Bisher hatte ich ein paar feste Beziehungen, bei denen ich Anfangs Feuer und Flamme war. Aber schon nach ein paar Monaten fand ich alles langweilig, eintönig und hab mich jedes Mal gefragt, ob es das nun gewesen ist. Läuft das Leben wirklich so ab, dass man sich in einer Beziehung gefangen vorkommt, sich langweilt?

Ich sehe ja, dass das bei anderen Paaren offensichtlich nicht der Fall ist und diese auch nach Jahren verliebt sind, wie am ersten Tag....

Wieso klappt das bei mir nicht. Gehe ich einfach nur zu schnell an die Beziehungen ran, ohne vorher zu warten, wie die Person wirklich ist? Gebe ich mich Illusionen hin? Verliebe ich mich einfach zu schnell?

Wann, wo und wie habt ihr Euern Partner kennengelernt? Wie lange hat es gedauert, bis ihr zusammengekommen seid? Und wie lange hat es gehalten?

Was habt ihr gegen Eure "Verlustängste" getan?

Ich weiß, das sind sehr viele Fragen, aber vielleicht hat jemand ein paar Antworten für mich?

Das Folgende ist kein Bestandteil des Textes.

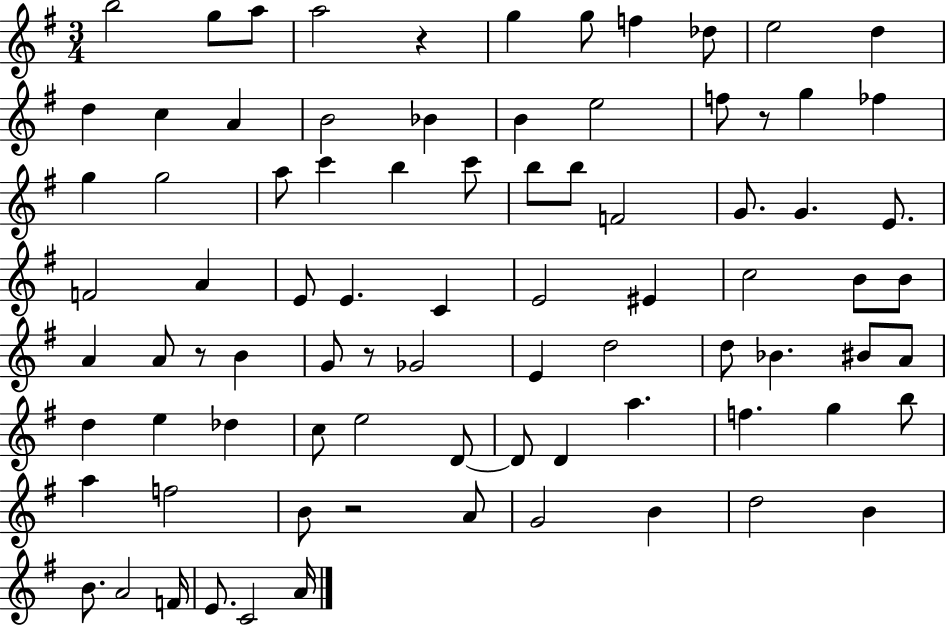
B5/h G5/e A5/e A5/h R/q G5/q G5/e F5/q Db5/e E5/h D5/q D5/q C5/q A4/q B4/h Bb4/q B4/q E5/h F5/e R/e G5/q FES5/q G5/q G5/h A5/e C6/q B5/q C6/e B5/e B5/e F4/h G4/e. G4/q. E4/e. F4/h A4/q E4/e E4/q. C4/q E4/h EIS4/q C5/h B4/e B4/e A4/q A4/e R/e B4/q G4/e R/e Gb4/h E4/q D5/h D5/e Bb4/q. BIS4/e A4/e D5/q E5/q Db5/q C5/e E5/h D4/e D4/e D4/q A5/q. F5/q. G5/q B5/e A5/q F5/h B4/e R/h A4/e G4/h B4/q D5/h B4/q B4/e. A4/h F4/s E4/e. C4/h A4/s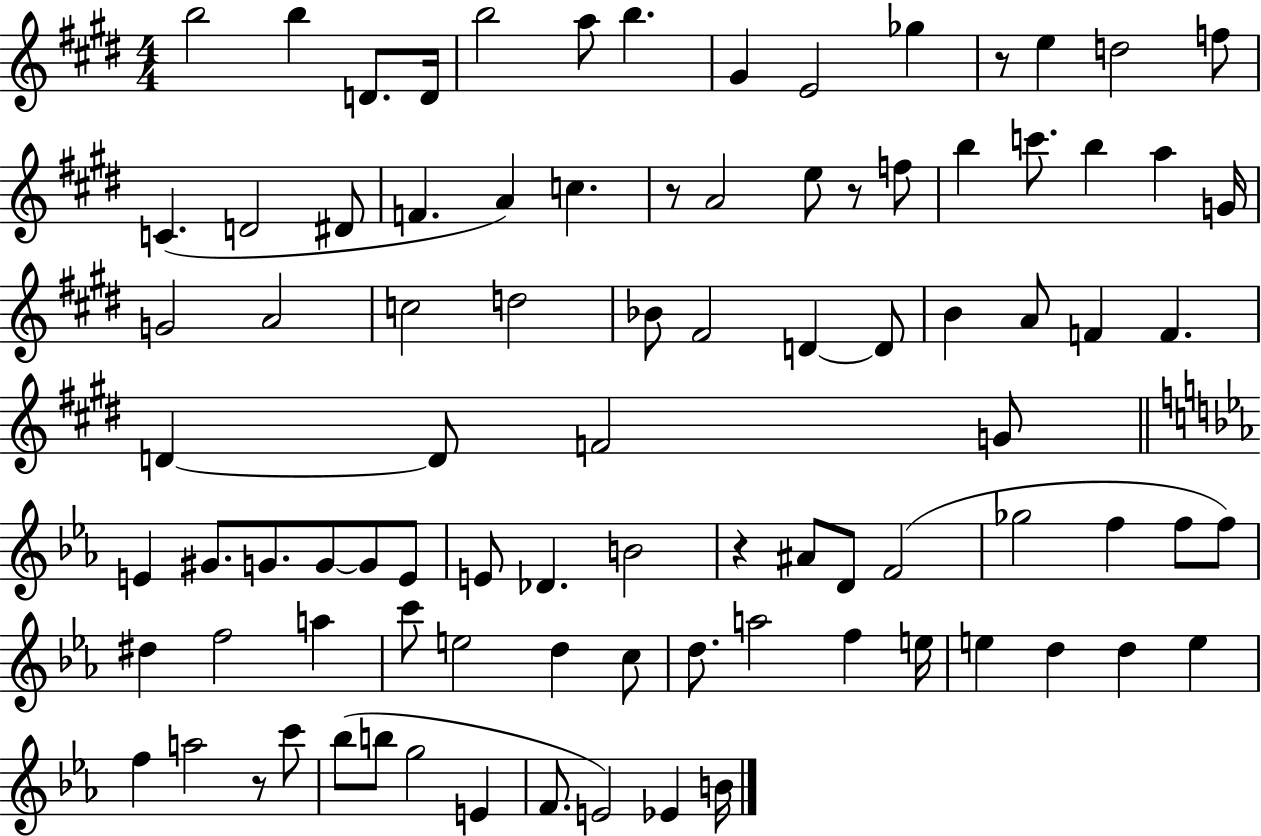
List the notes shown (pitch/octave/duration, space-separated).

B5/h B5/q D4/e. D4/s B5/h A5/e B5/q. G#4/q E4/h Gb5/q R/e E5/q D5/h F5/e C4/q. D4/h D#4/e F4/q. A4/q C5/q. R/e A4/h E5/e R/e F5/e B5/q C6/e. B5/q A5/q G4/s G4/h A4/h C5/h D5/h Bb4/e F#4/h D4/q D4/e B4/q A4/e F4/q F4/q. D4/q D4/e F4/h G4/e E4/q G#4/e. G4/e. G4/e G4/e E4/e E4/e Db4/q. B4/h R/q A#4/e D4/e F4/h Gb5/h F5/q F5/e F5/e D#5/q F5/h A5/q C6/e E5/h D5/q C5/e D5/e. A5/h F5/q E5/s E5/q D5/q D5/q E5/q F5/q A5/h R/e C6/e Bb5/e B5/e G5/h E4/q F4/e. E4/h Eb4/q B4/s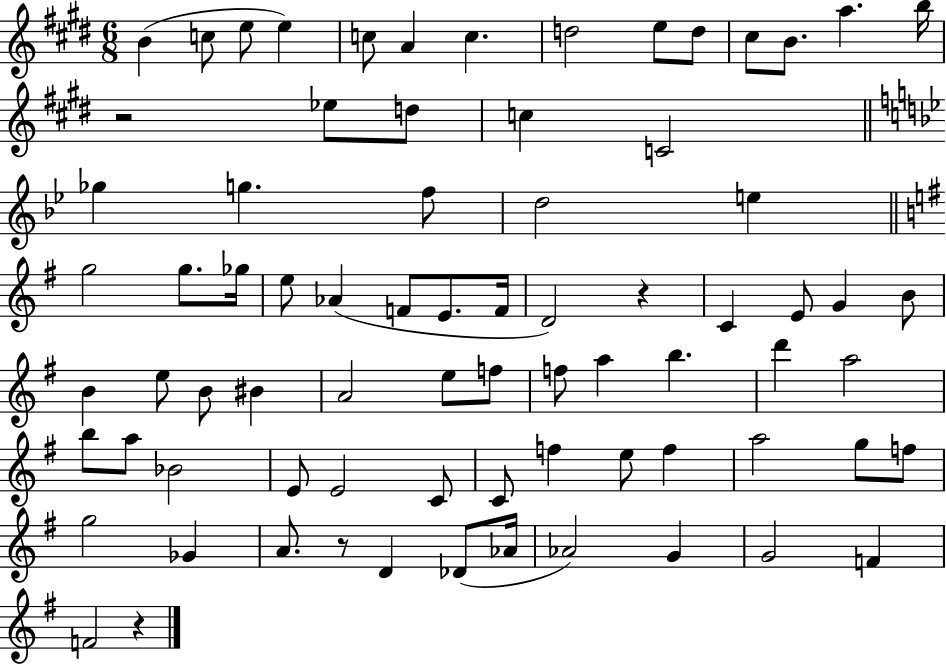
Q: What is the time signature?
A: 6/8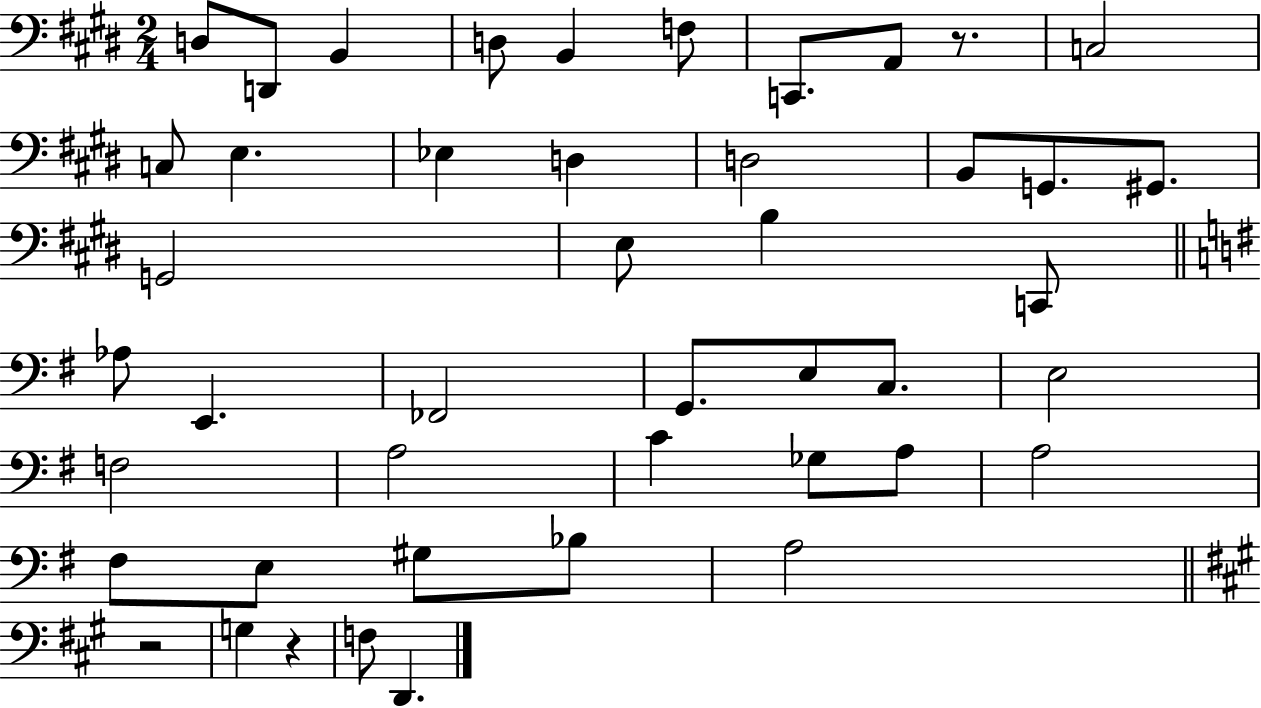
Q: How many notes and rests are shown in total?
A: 45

21.03.2009 12:34 • 21.03.2009 #1


9 Antworten ↓


Hallo Wohin

Gegen Verlustangest hilft Vertrauen (ist nicht einfach, aber man kann es lernen)
Gegen "Schnellebigkeit" hilft echte und tiefe Liebe (sagt einem das Herz)
Gegen Langeweile hilft Austausch (verschiedene Interessen, Meinungen)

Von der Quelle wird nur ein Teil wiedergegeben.